Problem requirements.
In the entries below, find the line with "agnes jahoda business card" and the line with "Sphere Shape Flush"; reproduce those two lines and all lines between them exactly, without pictures.

[Input for this task Boundary: Start]

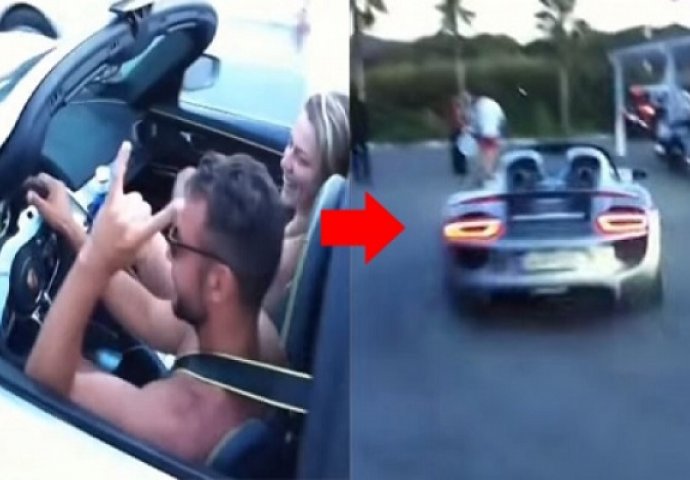 Bahati vozač Porsche-a htio je zadiviti djevojku i prolaznike, a onda je uslijedio hladan tuš (VIDEO) 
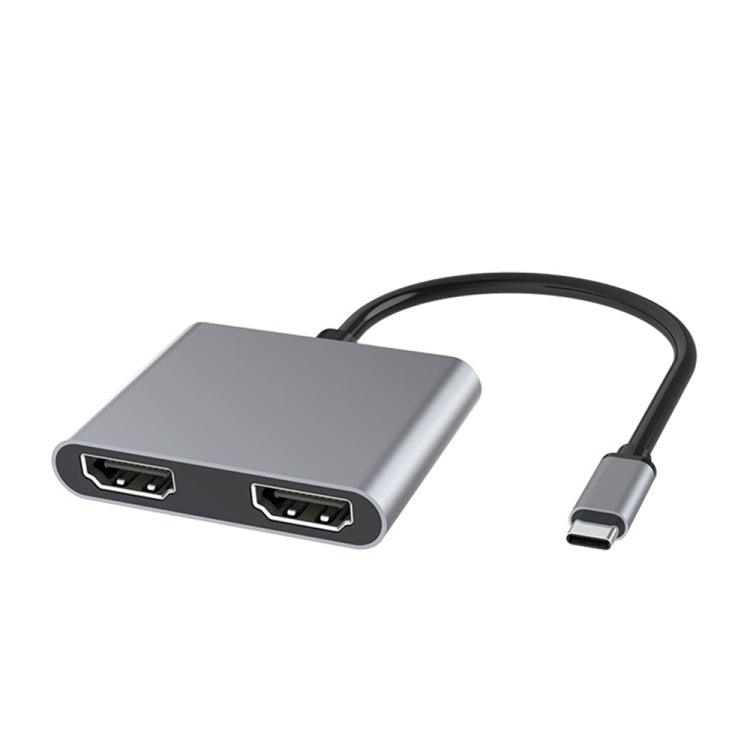 Lisslune | 4 in 1 multifunction USB-C / Type-C to PD-USB-C / Type-C + USB 3.0 + Dual HDMI HUB docking station (Gray)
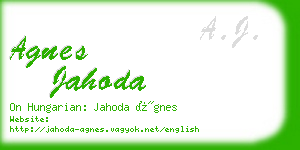 agnes jahoda business card
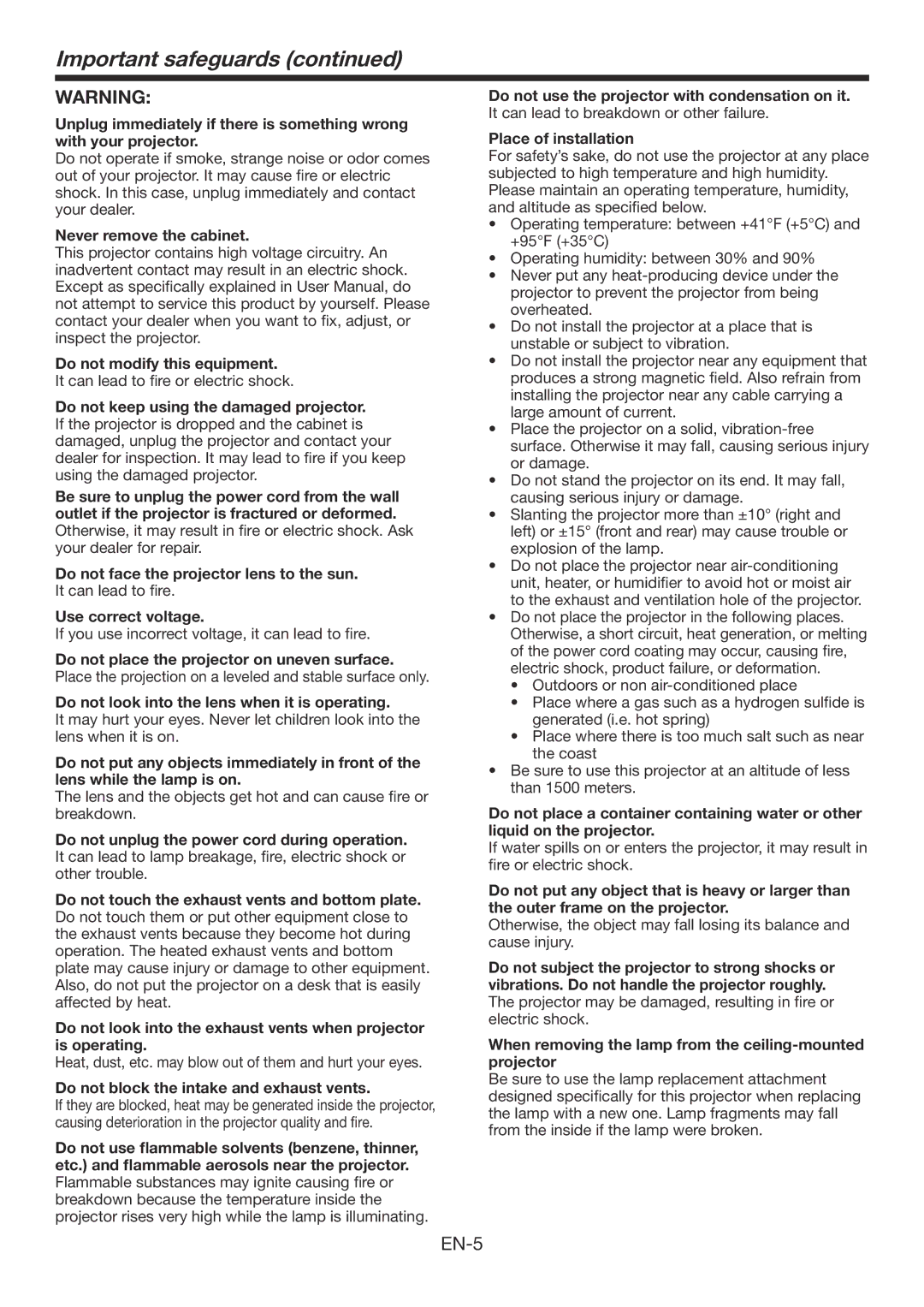 Mitsubishi Electronics WD390U-EST user manual Important safeguards, Never remove the cabinet Do not modify this equipment 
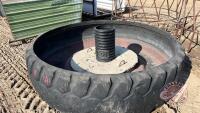 Industrial tire water trough with concrete center and poly stand pipe (A), F185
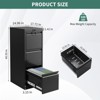 3 Drawer Vertical File Cabinet with Lock - Metal Filing Cabinet for Letter/Legal/A4/F4 Size Documents, Heavy Duty Steel Office Storage Organizer - 2 of 4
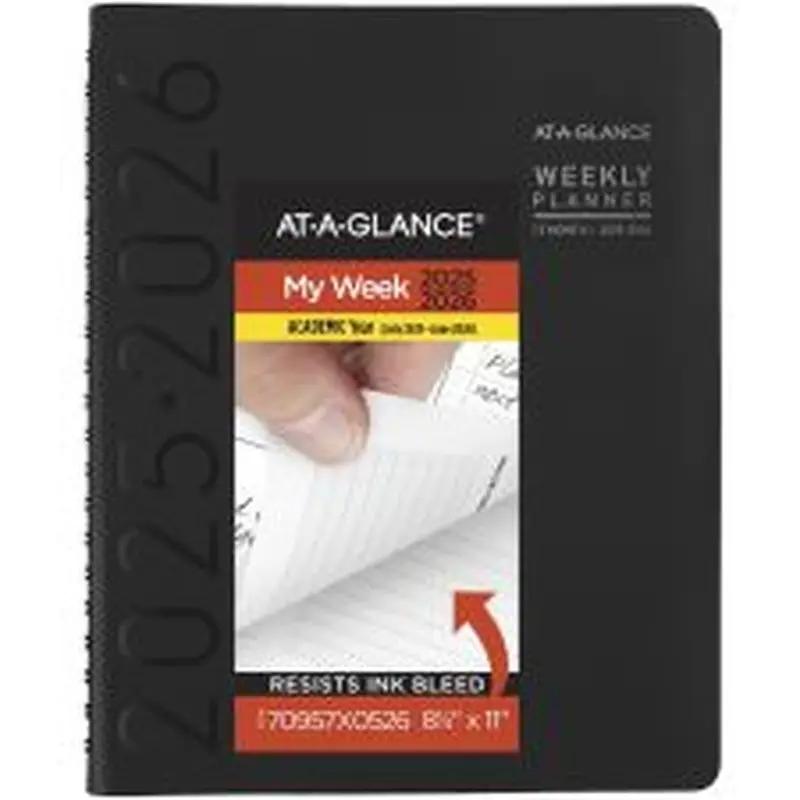 AT-A-GLANCE Contemporary Academic 2025-2026 Weekly Monthly Planner, Black, Large, 8 1/4" x 11"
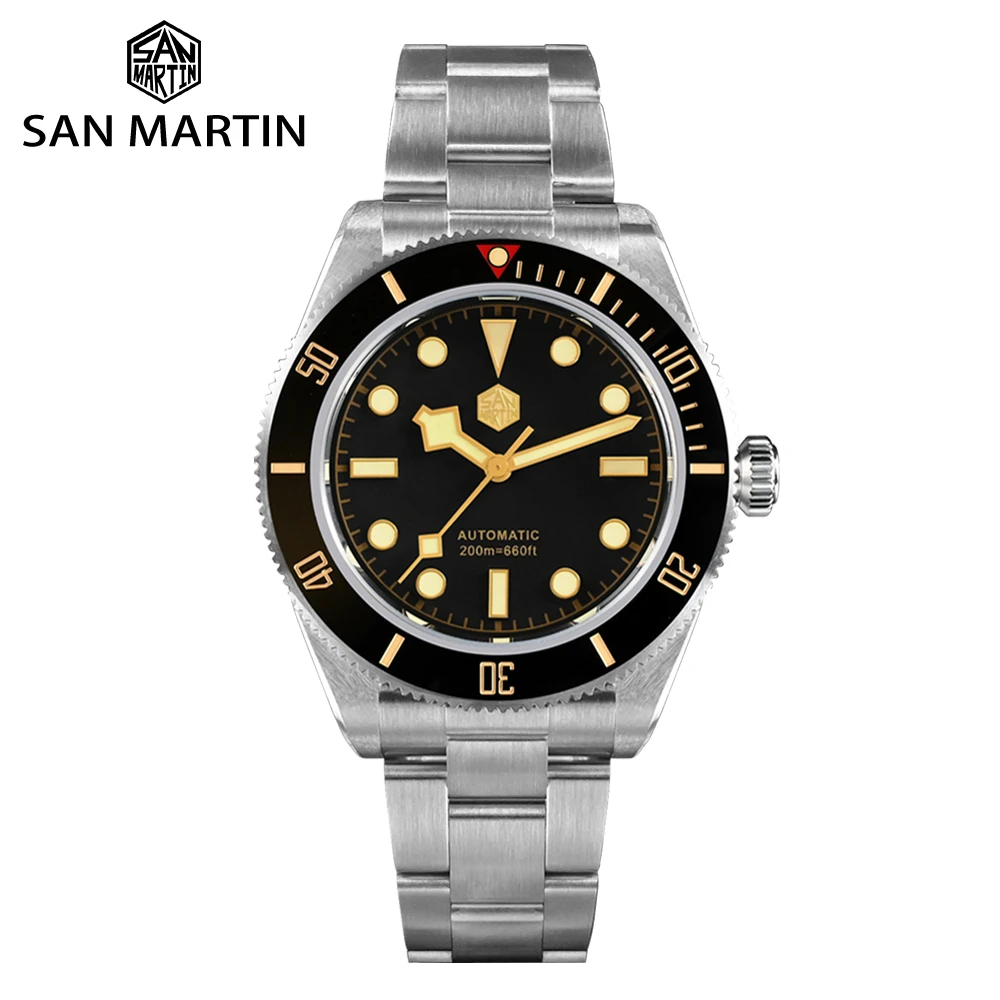 San Martin Men Watch 40mm Diver BB58 Retro Luxury Water Ghost PT5000 SW200 Rivet Bracelet Sapphire 20Bar Waterproof Luminous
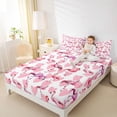 thumbnail image 4 of Homewish Tropical Animal Flamingo Bed Sheets,Kawaii Lovea Pattern King Sheets,Pink White Sheet Set For Girls Teens,Breathable Home Decor,4pcs, 4 of 7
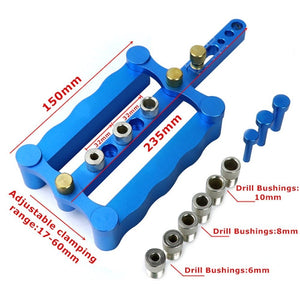 Woodworking Punching Locator Vertical Triple Hole Straight Hole Opener Dowel - laboratorydeal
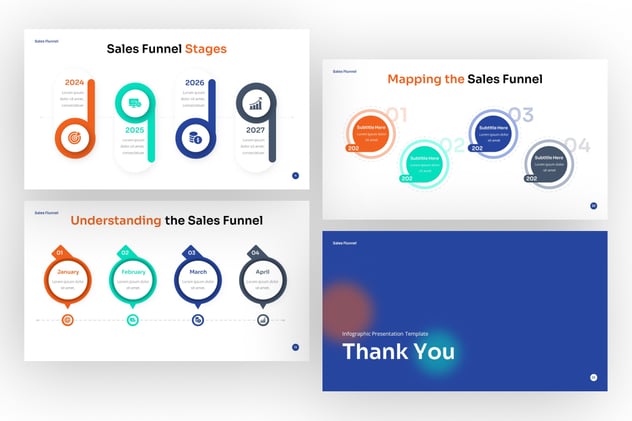 彩色销售漏斗信息图形PPT模板 - 顶尖PPT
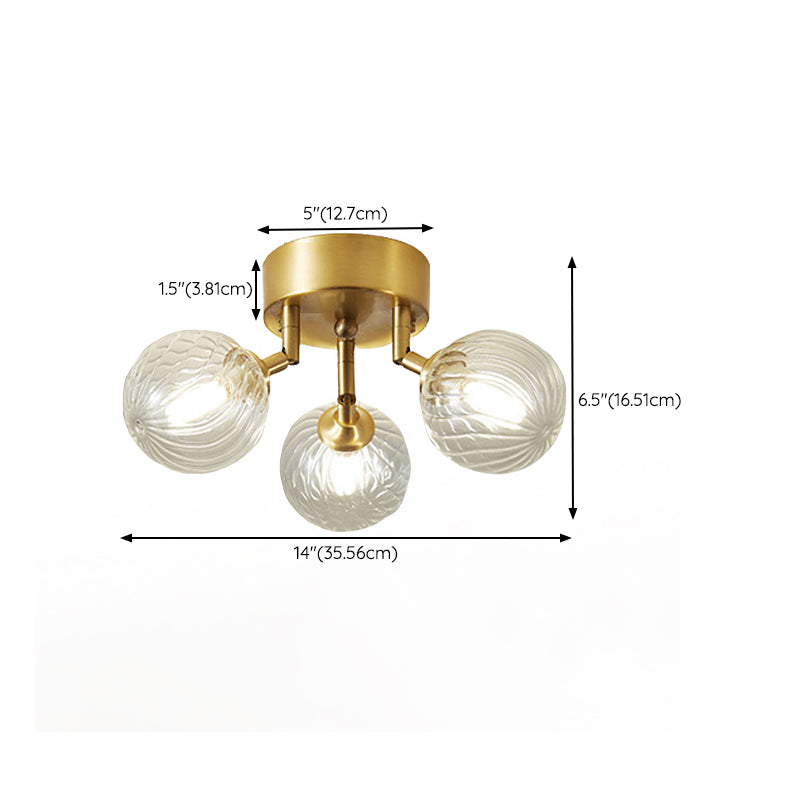 Sphere Shape Flush Mount Modern Style Glass 3/4/5/6 Lights Flush Ceiling Light in Gold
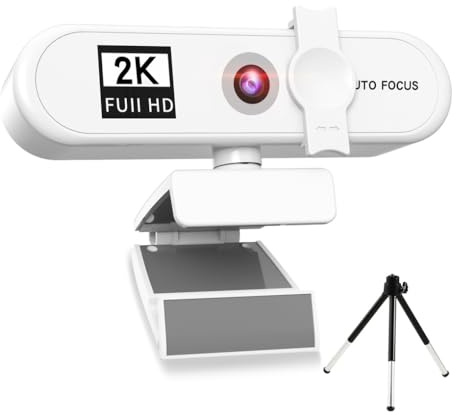 Zymoplas Ordinateur de Bureau Webcam USB 2.0 Remplacement de la caméra PC en Ligne Web Cam Camcorder Office Streaming en Direct Appel vidéo, Blanche, 2K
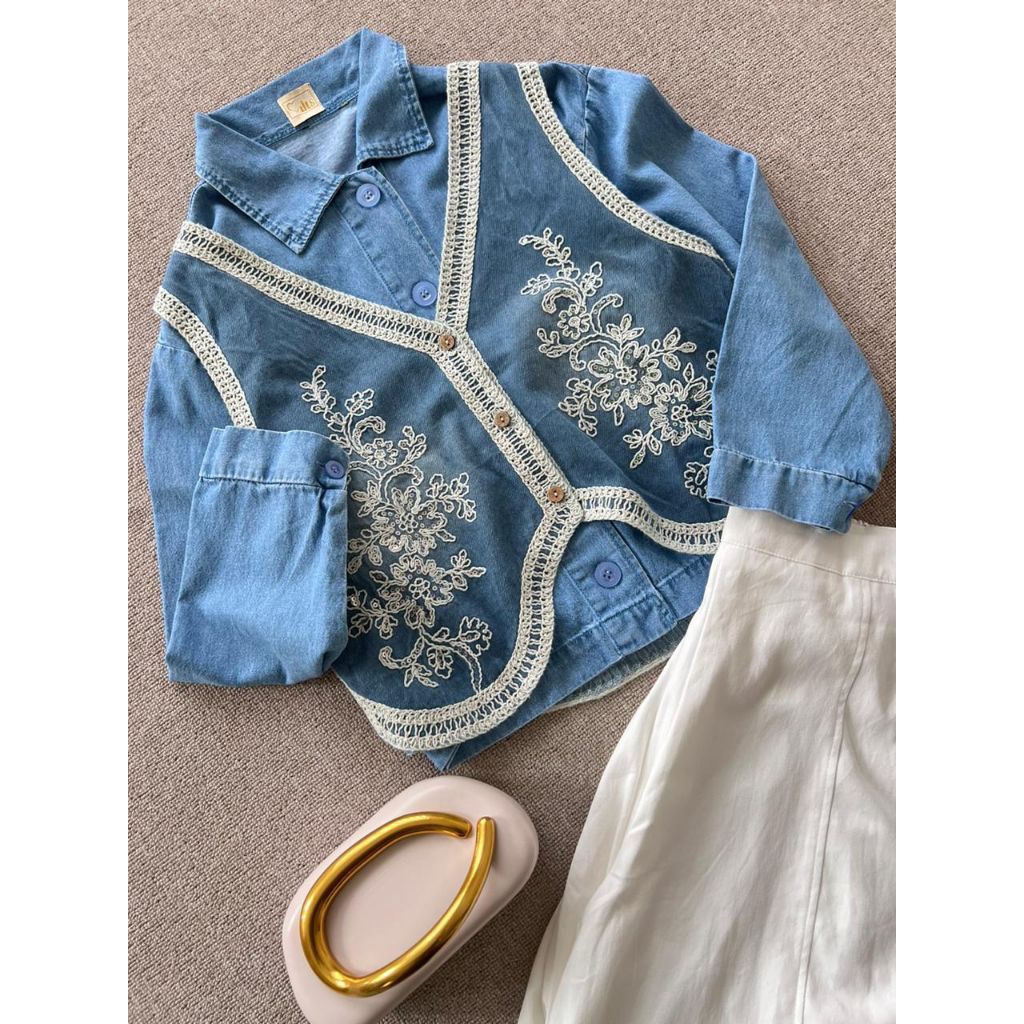 Vest Outer Jeans Denim Bordir Bunga Casual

[Input for this task Boundary: End]

Response for this exercise.
 agnes jahoda business card
 Mitsubishi Electronics WD390U-EST user manual Important safeguards, Never remove the cabinet Do not modify this equipment 
 Industrial tire water trough with concrete center and poly stand pipe (A), F185
 3 Drawer Vertical File Cabinet with Lock - Metal Filing Cabinet for Letter/Legal/A4/F4 Size Documents, Heavy Duty Steel Office Storage Organizer - 2 of 4
 AT-A-GLANCE Contemporary Academic 2025-2026 Weekly Monthly Planner, Black, Large, 8 1/4" x 11"
 San Martin Men Watch 40mm Diver BB58 Retro Luxury Water Ghost PT5000 SW200 Rivet Bracelet Sapphire 20Bar Waterproof Luminous
 thumbnail image 4 of Homewish Tropical Animal Flamingo Bed Sheets,Kawaii Lovea Pattern King Sheets,Pink White Sheet Set For Girls Teens,Breathable Home Decor,4pcs, 4 of 7
 Woodworking Punching Locator Vertical Triple Hole Straight Hole Opener Dowel - laboratorydeal
 彩色销售漏斗信息图形PPT模板 - 顶尖PPT
 Sphere Shape Flush Mount Modern Style Glass 3/4/5/6 Lights Flush Ceiling Light in Gold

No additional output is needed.